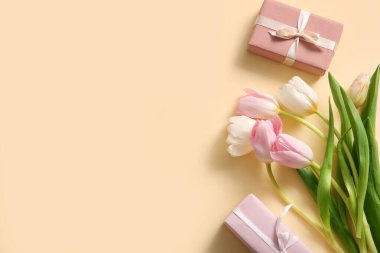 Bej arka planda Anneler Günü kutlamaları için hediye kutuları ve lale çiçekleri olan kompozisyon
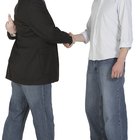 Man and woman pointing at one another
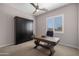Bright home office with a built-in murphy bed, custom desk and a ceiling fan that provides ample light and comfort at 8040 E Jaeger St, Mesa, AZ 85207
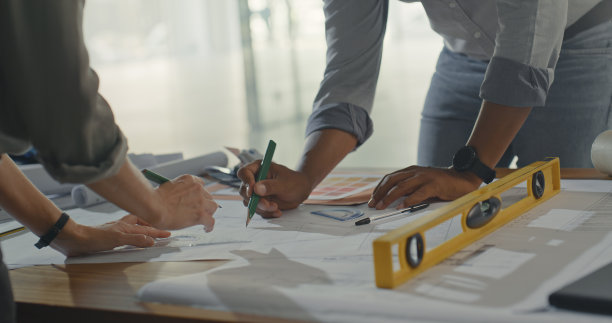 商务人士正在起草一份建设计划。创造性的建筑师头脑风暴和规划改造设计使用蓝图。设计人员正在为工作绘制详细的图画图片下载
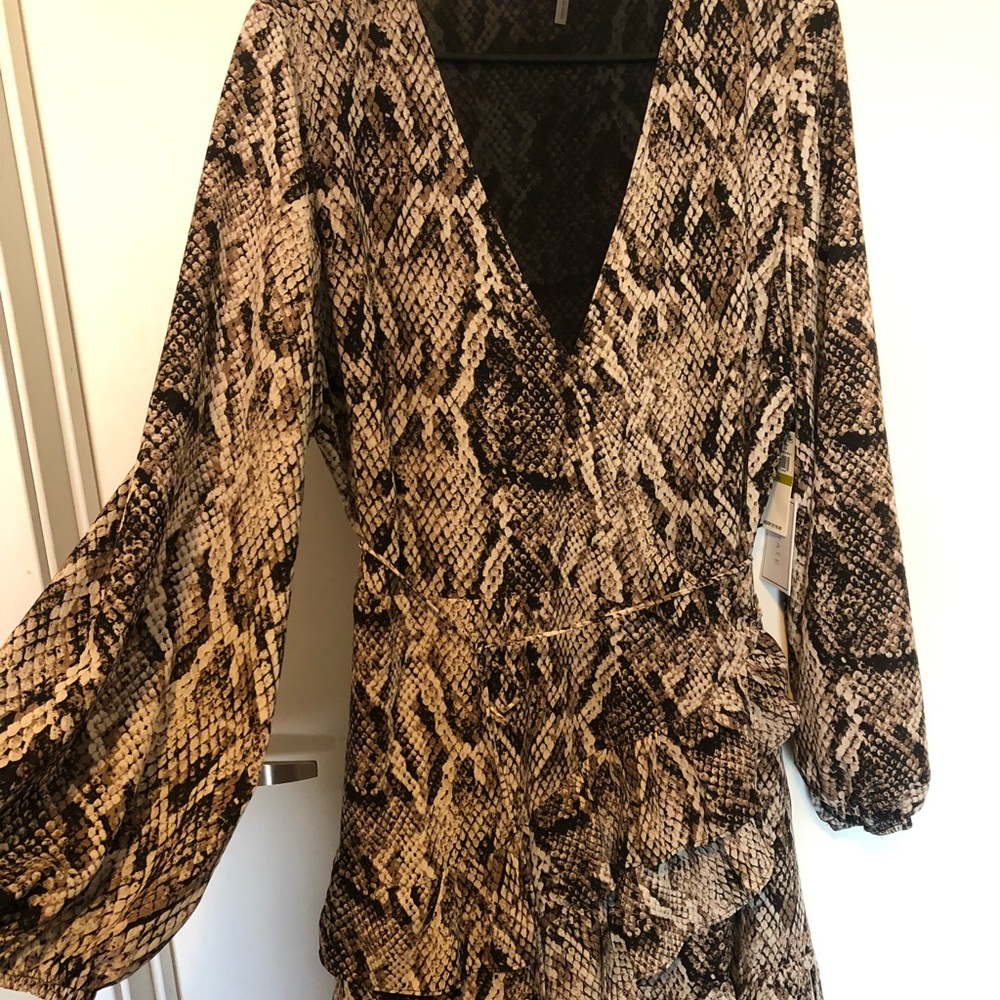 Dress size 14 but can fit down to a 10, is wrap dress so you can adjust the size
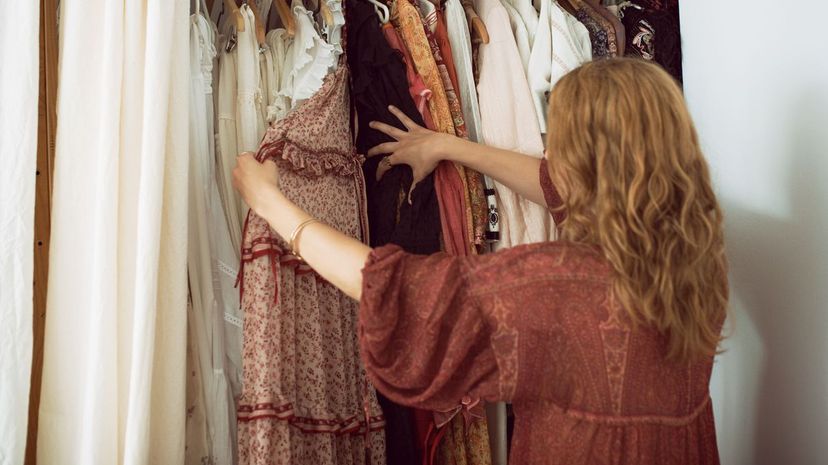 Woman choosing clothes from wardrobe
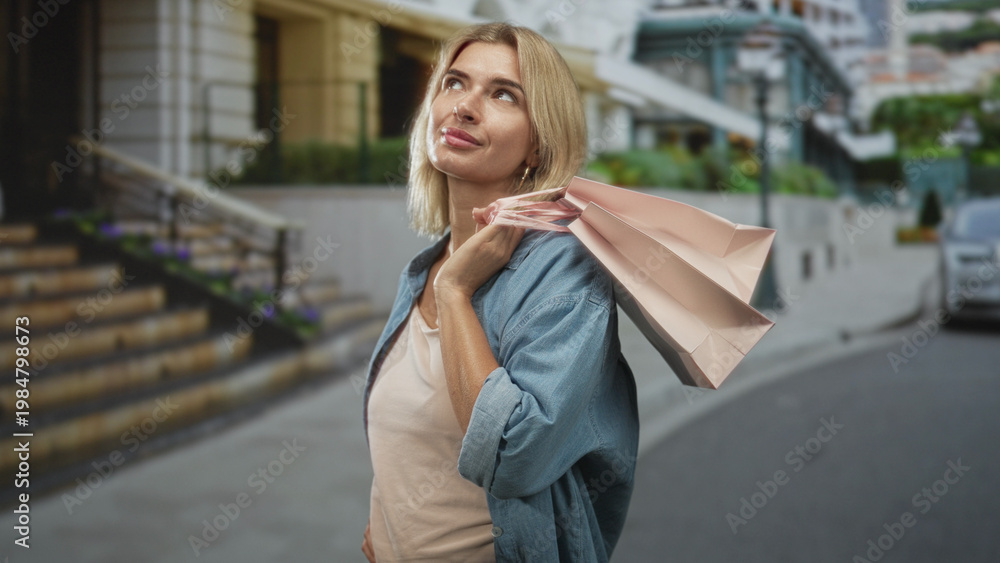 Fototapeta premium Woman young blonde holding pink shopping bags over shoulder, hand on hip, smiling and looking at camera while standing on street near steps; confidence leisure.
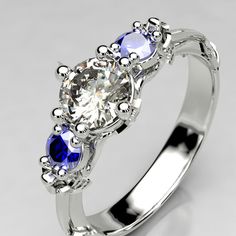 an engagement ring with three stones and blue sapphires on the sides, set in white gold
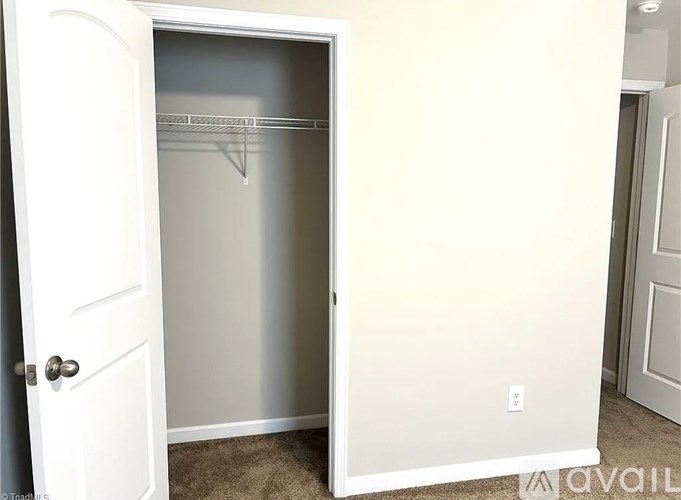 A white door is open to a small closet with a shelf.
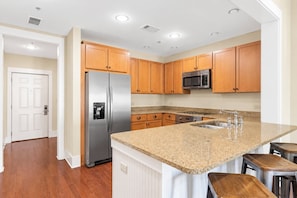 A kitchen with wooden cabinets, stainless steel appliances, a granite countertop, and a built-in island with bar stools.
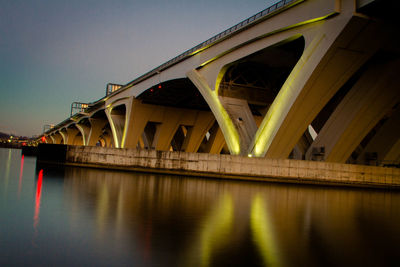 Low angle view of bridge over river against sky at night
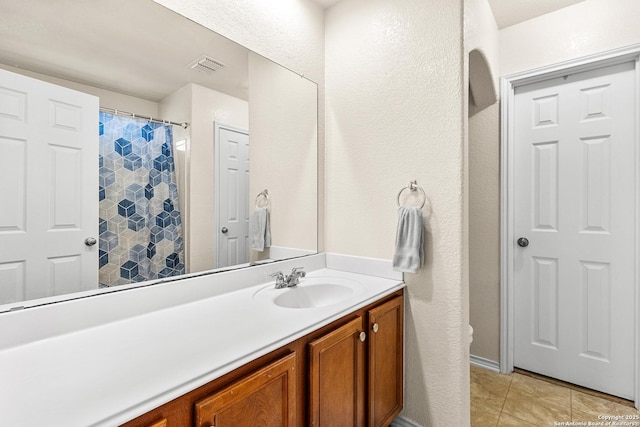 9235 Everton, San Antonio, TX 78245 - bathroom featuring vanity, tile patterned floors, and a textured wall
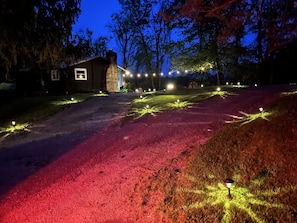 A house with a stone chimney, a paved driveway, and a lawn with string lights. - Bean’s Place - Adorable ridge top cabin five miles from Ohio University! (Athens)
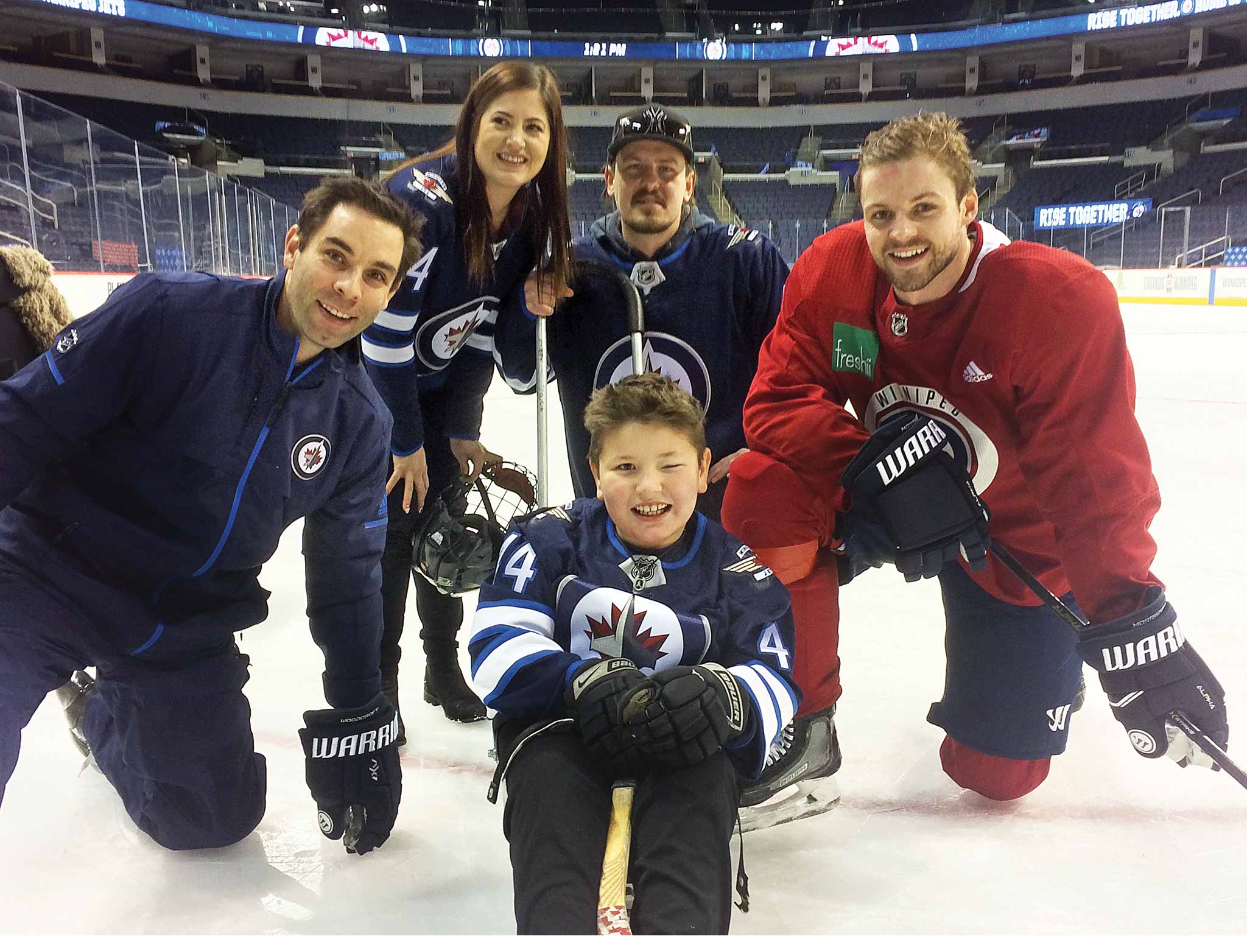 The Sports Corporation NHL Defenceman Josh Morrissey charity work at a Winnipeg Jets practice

* The task: Produce a verbatim copy of the listing, leaving out all pictures.

* Solution to this problem:
 Bej arka planda Anneler Günü kutlamaları için hediye kutuları ve lale çiçekleri olan kompozisyon
 Man and woman pointing at one another
Bright home office with a built-in murphy bed, custom desk and a ceiling fan that provides ample light and comfort at 8040 E Jaeger St, Mesa, AZ 85207
 商务人士正在起草一份建设计划。创造性的建筑师头脑风暴和规划改造设计使用蓝图。设计人员正在为工作绘制详细的图画图片下载
 Dress size 14 but can fit down to a 10, is wrap dress so you can adjust the size
 Woman choosing clothes from wardrobe
 Fototapeta premium Woman young blonde holding pink shopping bags over shoulder, hand on hip, smiling and looking at camera while standing on street near steps; confidence leisure.
 an engagement ring with three stones and blue sapphires on the sides, set in white gold
 A white door is open to a small closet with a shelf.
 A kitchen with wooden cabinets, stainless steel appliances, a granite countertop, and a built-in island with bar stools.
 Low angle view of bridge over river against sky at night
 9235 Everton, San Antonio, TX 78245 - bathroom featuring vanity, tile patterned floors, and a textured wall
 A house with a stone chimney, a paved driveway, and a lawn with string lights. - Bean’s Place - Adorable ridge top cabin five miles from Ohio University! (Athens)
 The Sports Corporation NHL Defenceman Josh Morrissey charity work at a Winnipeg Jets practice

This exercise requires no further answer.